(Items from a dataset)
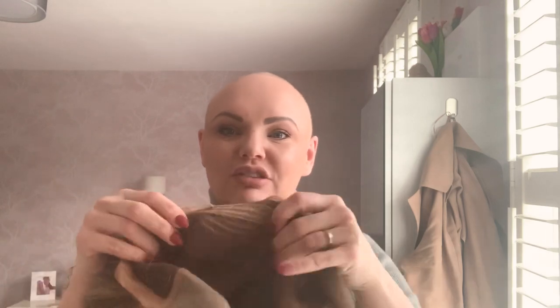So firstly, inside the wig you've got the elastics or the bra straps at the back. Make sure they're tightened to your head size. This bit's quite important.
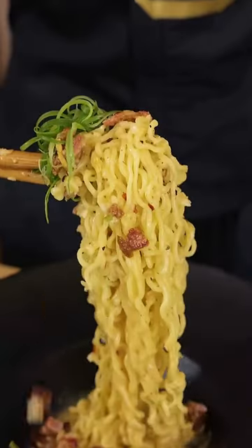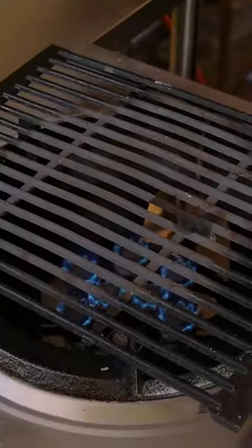Today we are making Korean carbonara. That is too good!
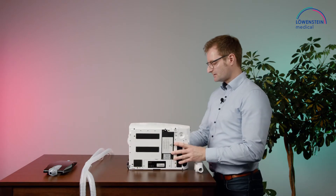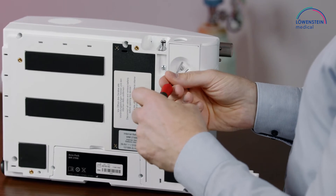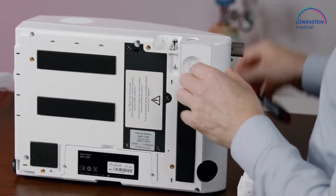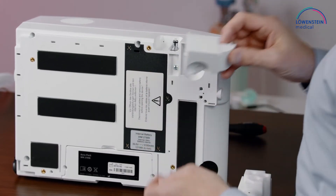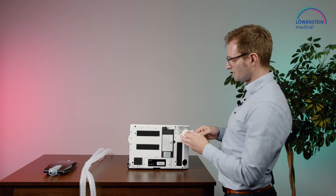We need to put the device on its side, take off the screw, remove the cover, and insert the exhalation module.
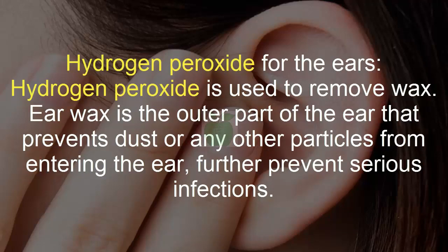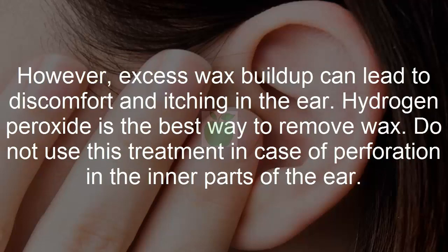Hydrogen peroxide for the ears. Hydrogen peroxide is used to remove wax. Earwax is the outer part of the ear that prevents dust or any other particles from entering the ear, further preventing serious infections. However, excess wax buildup can lead to discomfort and itching in the ear.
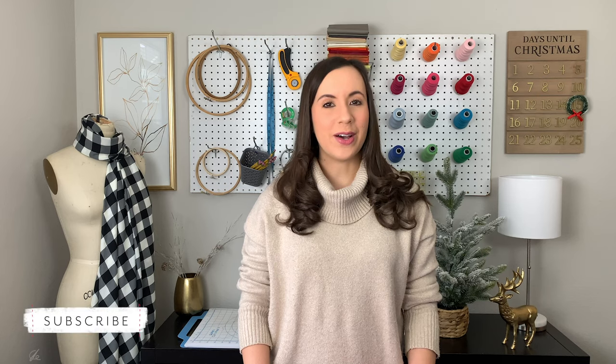Beginner quilters, make sure to check out the description box below to view our quilting tips playlist for more quilting tutorials. Also, if you're new to our channel, don't forget to subscribe so you don't miss out on future videos.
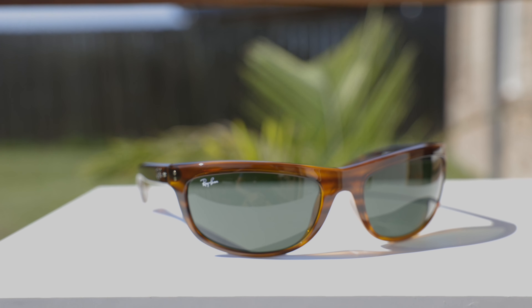Hey guys, welcome back to Shade Review. In today's video, we are reviewing the Ray-Ban Balarama sunglasses.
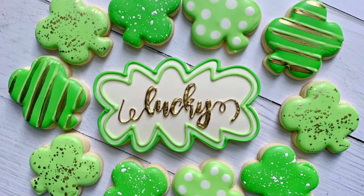Hi everyone, this is Grace, and today we are going to be decorating this fun, lucky, four-leaf clover set.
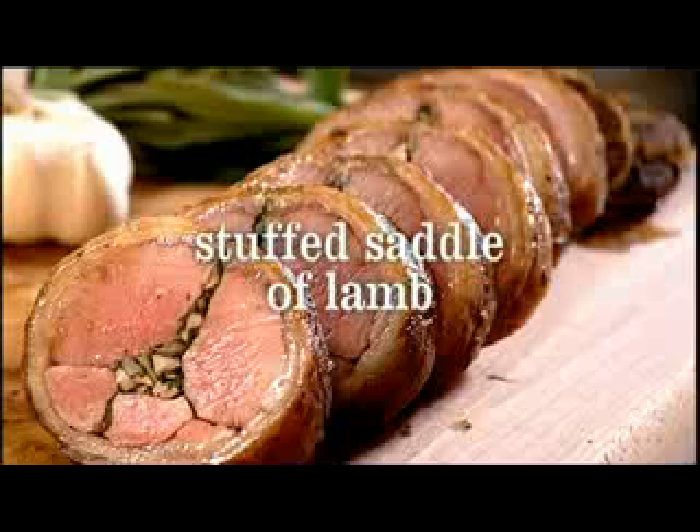Stuffed saddle of lamb. I love this dish, and it's great when you've got a table of six, table of eight, because it's just the perfect main course. That looks incredibly elegant, but it's so straightforward and very sexy.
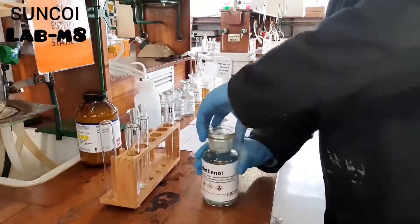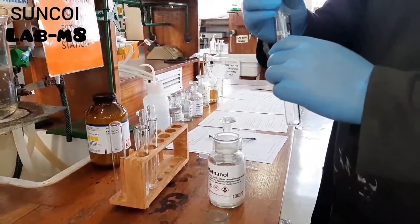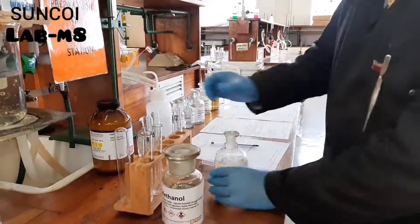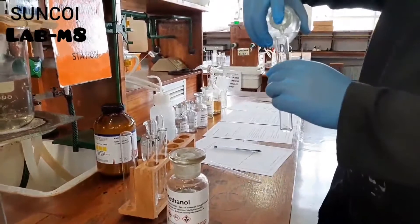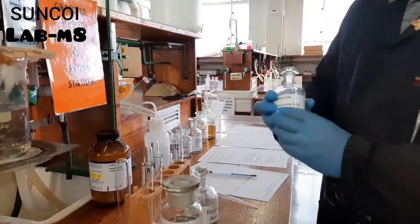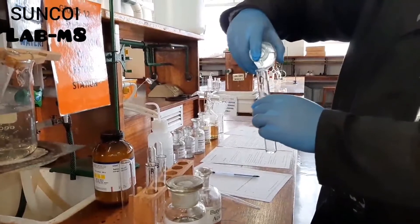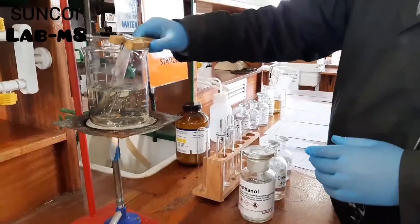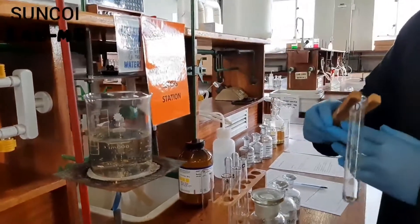For experiment D, you're adding a few drops of methanol to your test tube, then a few drops of very smelly butanoic acid — it smells terrible. Then one drop of concentrated sulfuric acid. Into the water bath, and after three minutes you add your distilled water.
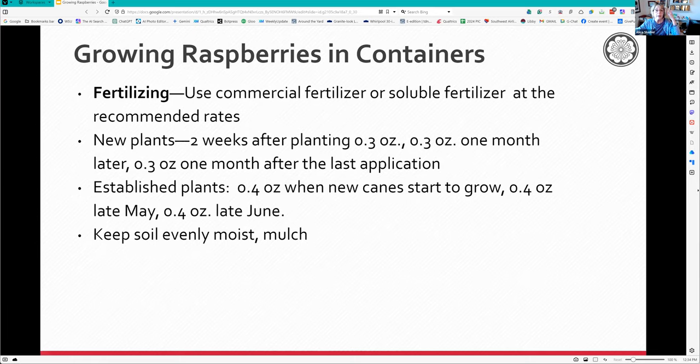For container fertilizing, you can use Miracle-Gro or similar. You can do it at a very slow level, dividing your recommended nitrogen amount into eight or ten weekly servings. Don't overdo it. New plants get 0.3 ounces of nitrogen once a month for the first three months. Established plants get slightly more. Keep the soil evenly moist and mulch if you can to help retain moisture.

- Directions for this task
Please repeat exactly the data above from its first line to the line that contains "We need to put", inclusive, and leave every picture out.

- Solution for this exercise
So firstly, inside the wig you've got the elastics or the bra straps at the back. Make sure they're tightened to your head size. This bit's quite important.
Today we are making Korean carbonara. That is too good!
We need to put the device on its side, take off the screw, remove the cover, and insert the exhalation module.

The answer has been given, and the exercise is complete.